The one I picture here has caught my fancy. Finally using my powerful zoom I managed to take that picture the other day, ever so slightly blurred in the second image which is a cut out of the original one that opens this post (already quite reduced). After all, I could not stop my car, and I had to take the picture while climbing up the dirt road access to the highway.
The first shot is, of course, an "invasion" at the side of the road, which has not stopped the new owner to surround it with a fence. "Invasores" are born landowners, you know... Click to enlarge.
You may note on the bottom right the edge of my rear side window, a shaded stand that is probably put to some use on week ends, and a DIRECT TV SATELLITE DISH!!!!! The house may be built on mud and straw but electricity is stolen from somewhere and they got a Direct TV decoder. Not for them to satisfy themselves with VTV and RNV that run for free in that area, the only thing the locals can get there.
The second pic shows more details of this native "mision vivienda", where the guys have even planted palm trees and some flowering bush. If this were one of the few unique folksy expressions of Venezuela we could be amused. Unfortunately, after 14 years of chavismo and now almost 3 of Mision Vivienda, such scenes are closer to the norm than the exception.

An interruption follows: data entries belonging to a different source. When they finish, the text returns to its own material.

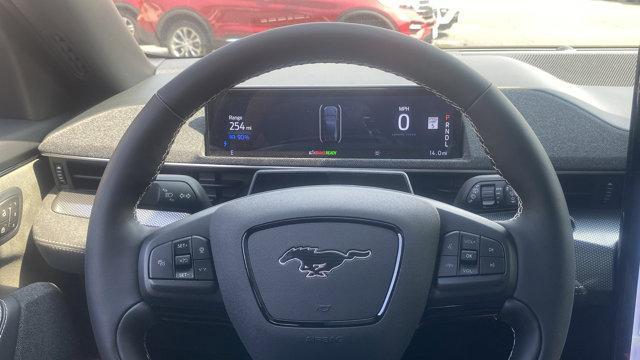 new 2024 Ford Mustang Mach-E car, priced at $49,890
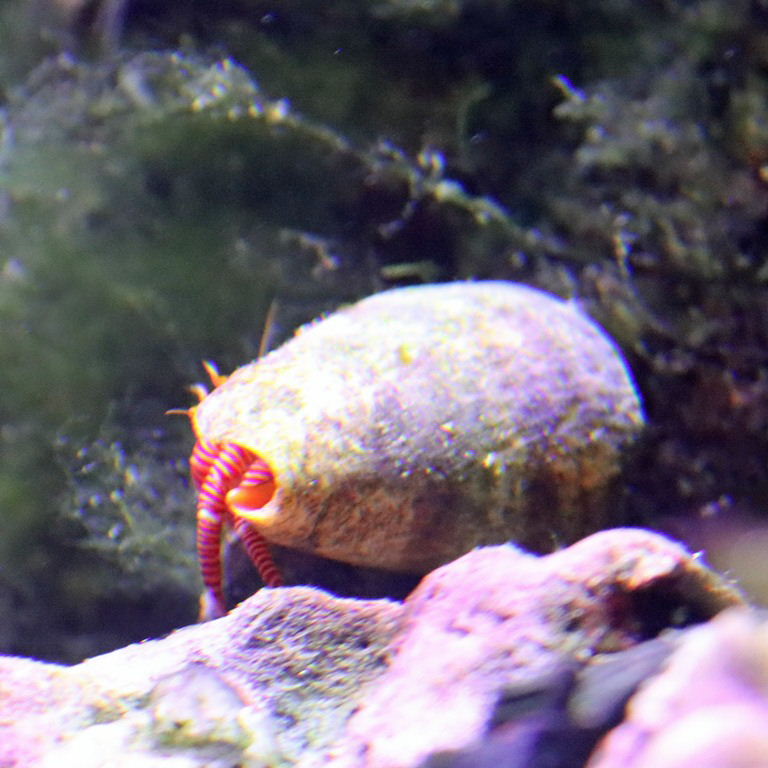 Halloween Hermit Crab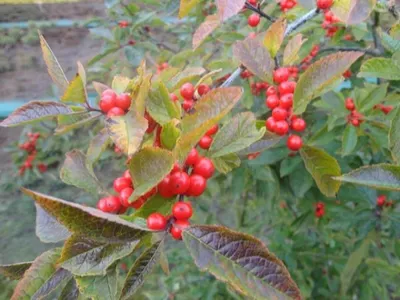 Produktbild von Korallenhülse botanische Art - Ilex verticillata - 40-60cm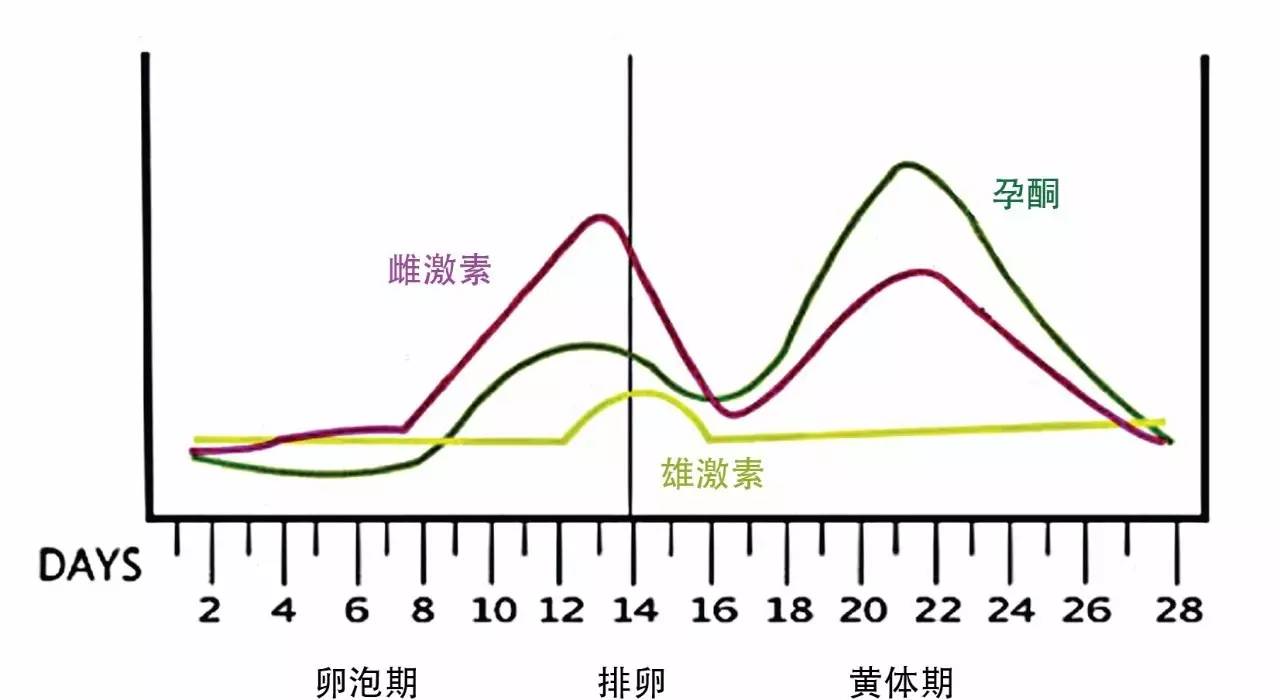 封闭抗体为啥不能治了,封闭抗体阴性导致反复着床失败吗
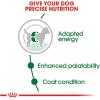 imageRoyal Canin Small Breed Adult Dry Dog Food 14 lb bag25 Pound Pack of 1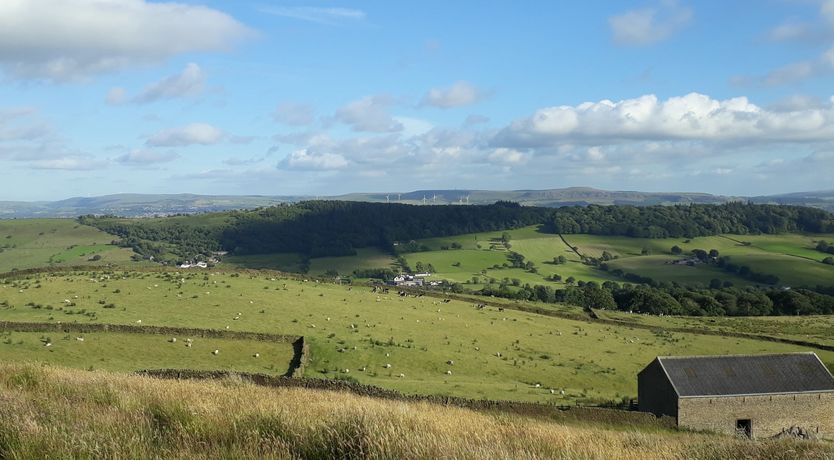 Photo of Willow Cottage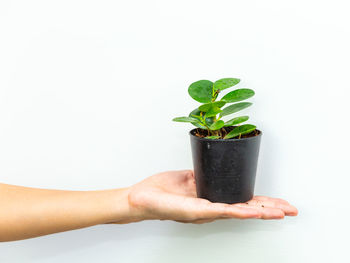 Midsection of person holding potted plant against white background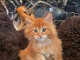 chaton roux disponible pour adoption 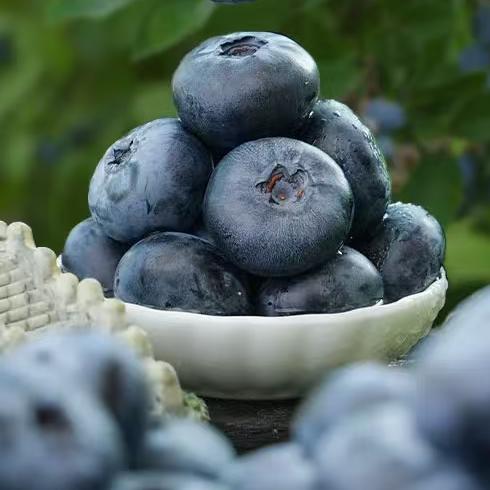 【99元到手12盒约3斤】正宗云南L25花香蓝莓！佳沃悦美添品牌，顺丰生鲜，品质保证，坏果包赔，花香脆甜，（本产季最后一波 预计4月15下架，错过再等明年！！！） 商品图5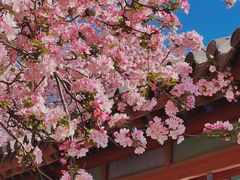 -百花洲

What a beautiful revolution......
NOTE: if that last bit of highway had been done, not only it would save me at the very least 15 minutes from my trip to Caracas, but it would improve greatly the living conditions of the Moron inhabitants who still voted 70% for Maduro. How ironic! Amen that sometimes crossing Moron can take 30 minutes or more.... depending what time of the day you attempt that crossing. But see if I care, they deserve what they got, if you ask me.